A modular pipeline for automated MRI DICOM preprocessing. Converts raw DICOM MRI data into model-ready inputs through a series of numbered processing steps.
- Automated DICOM Scanning: Recursively scans directories for MRI DICOM files and extracts metadata.
- Intelligent Parsing: Identifies scan types, filters artifacts, and orders sequences by acquisition time.
- NIfTI Conversion: Converts DICOM series to NIfTI format using dcm2niix.
- Spatial Alignment: Coregisters scans to a reference volume.
- Modular Design: Each pipeline step is an independent script that can be run manually or in sequence.
- Containerized: Docker image with all dependencies pre-installed (Python, pydicom, nibabel, niftyreg, dcm2niix).
MRI_preprocessing/
├── code/
│ └── preprocessing/ # Core Python preprocessing scripts
│ ├── 01_scanDicom.py # Scan DICOM files and extract metadata
│ ├── 02_parseDicom.py # Filter and order scans
│ ├── 03_saveNifti.py # Convert DICOM to NIfTI
│ ├── 04_saveRAS.py # Reorient to RAS
│ ├── 05_alignScans.py # Coregister scans
│ ├── 06_genInputs.py # Generate model inputs
│ ├── DICOM.py # DICOM handling utilities
│ ├── toolbox.py # Shared helper functions
│ └── 00_preprocess.sh # Run full pipeline
├── control_system/ # Docker image and compose files
│ ├── dockerfile # Container image definition
│ ├── docker-compose.yml # Linux compose file
│ ├── docker-compose-wsl.yml # WSL compose file
│ ├── startup.sh # Container entrypoint
│ └── README.md # Container documentation
├── test/ # Unit and integration tests
├── docs/ # Code reviews and improvement recommendations
├── start_control.sh # Container startup script
├── access_preprocessing.sh # Direct CLI access to container
├── install.py # Docker + NVIDIA toolkit installer (Linux)

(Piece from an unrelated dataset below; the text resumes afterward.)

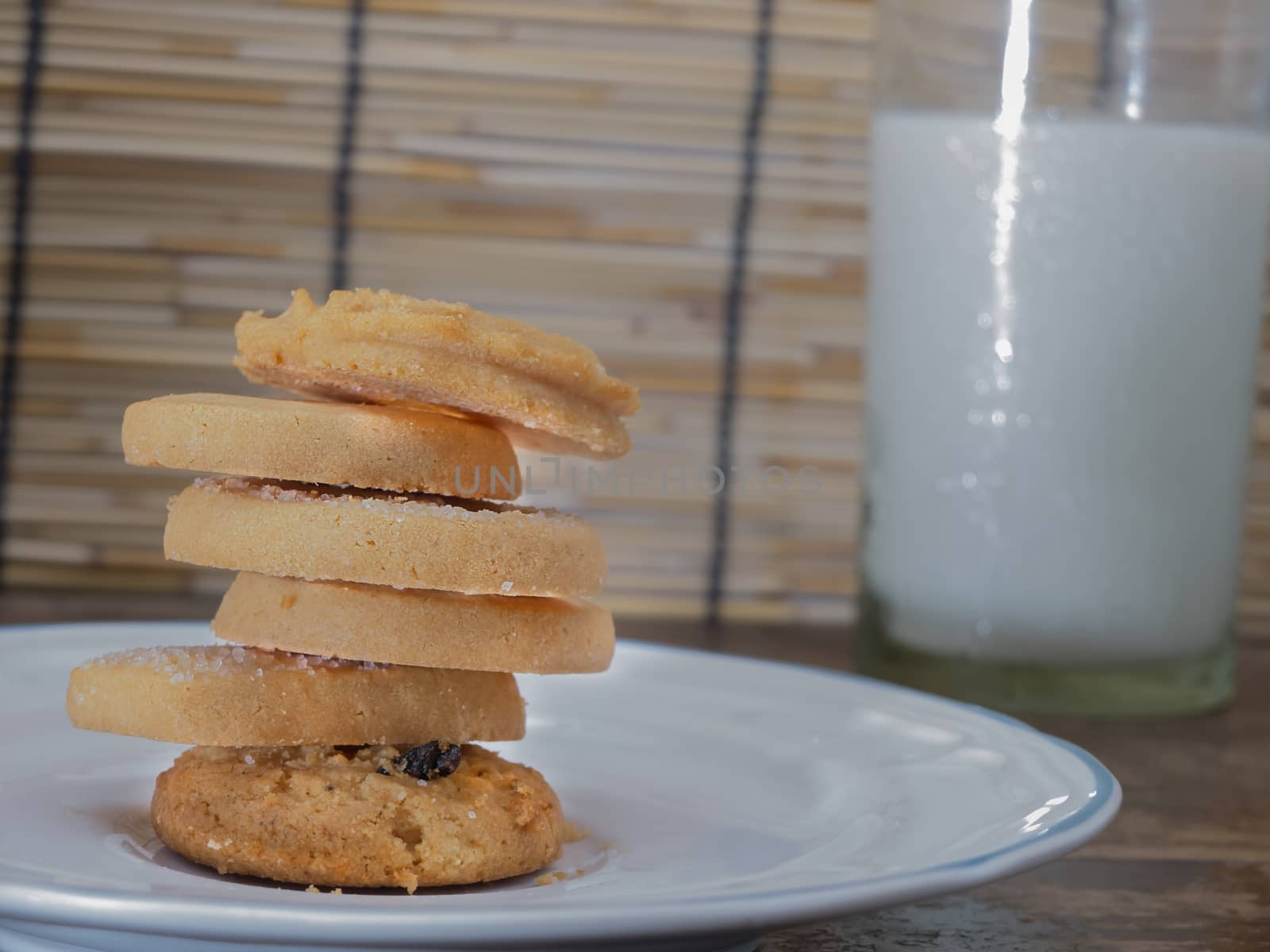 cookies multiple flavors, notebook, camera, milk on wooden table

├── mount_kirbyPro.sh # Machine-specific mount script
├── requirements.txt # Python runtime dependencies
└── requirements-dev.txt # Development/testing dependencies
- Linux or WSL2
- Python 3.10+
- NVIDIA GPU (for preprocessing acceleration)
-
Clone the repository:
git clone https://github.com/TheParraLab/MRI_preprocessing cd MRI_preprocessing -
Install Docker and NVIDIA Container Toolkit:
sudo python3 install.py
This installs Docker, configures GPU access, and verifies the setup.
bash start_control.shYou will be prompted for:
- The path to your raw DICOM data directory
- The path for NIfTI output
The container mounts your host directories into /FL_system/data/raw/ and /FL_system/data/nifti/ inside the container.

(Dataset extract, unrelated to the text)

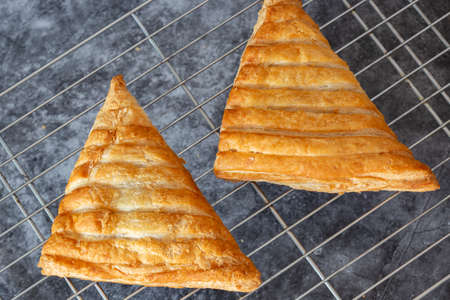 Apple turnover, freshly cooked, cooling down on a metal cooling rack. On a dark stone backgroundの写真素材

While the container is running:
bash access_preprocessing.shThis opens an interactive shell inside the container. Navigate to /FL_system/code/preprocessing/ to run preprocessing scripts.
Each step can be run manually:
# Step 1: Scan DICOM files
python 01_scanDicom.py --scan_dir /FL_system/data/raw --save_dir /FL_system/data
# Step 2: Parse and filter
python 02_parseDicom.py --save_dir /FL_system/data
# Full pipeline:
bash /FL_system/code/preprocessing/00_preprocess.shThe pipeline consists of numbered scripts that should generally be run in order:
- 01_scanDicom.py — Scans raw DICOM data, extracts metadata, produces
Data_table.csv - 02_parseDicom.py — Filters scans (removes T2, DWI, computed images), orders by trigger time, produces
Data_table_timing.csv - 03_saveNifti.py — Converts selected DICOM series to NIfTI format using dcm2niix
- 04_saveRAS.py — Reorients NIfTI files to RAS orientation
- 05_alignScans.py — Coregisters all scans to a reference volume
- 06_genInputs.py — Generates numpy inputs for model training
Intermediate outputs:
/FL_system/data/Data_table.csv— DICOM metadata table (step 01 output)/FL_system/data/Data_table_timing.csv— Filtered and ordered table (step 02 output)/FL_system/data/nifti/— NIfTI files (step 03 output)/FL_system/data/RAS/— RAS-oriented NIfTI files (step 04 output)/FL_system/data/coreg/— Coregistered scans (step 05 output)/FL_system/data/inputs/— Final model inputs (step 06 output)
# Run all tests
pytest test/ -v
# Run unit tests only (fastest)
pytest test/test_scanDicom_unit.py -v
# Run comprehensive tests
pytest test/test_scanDicom_full.py -v
# Run deterministic known-result tests
pytest test/test_synthetic_known_result.py -vTest coverage for 01_scanDicom.py is comprehensive (89 tests). See test/TESTS.md for the full test suite documentation.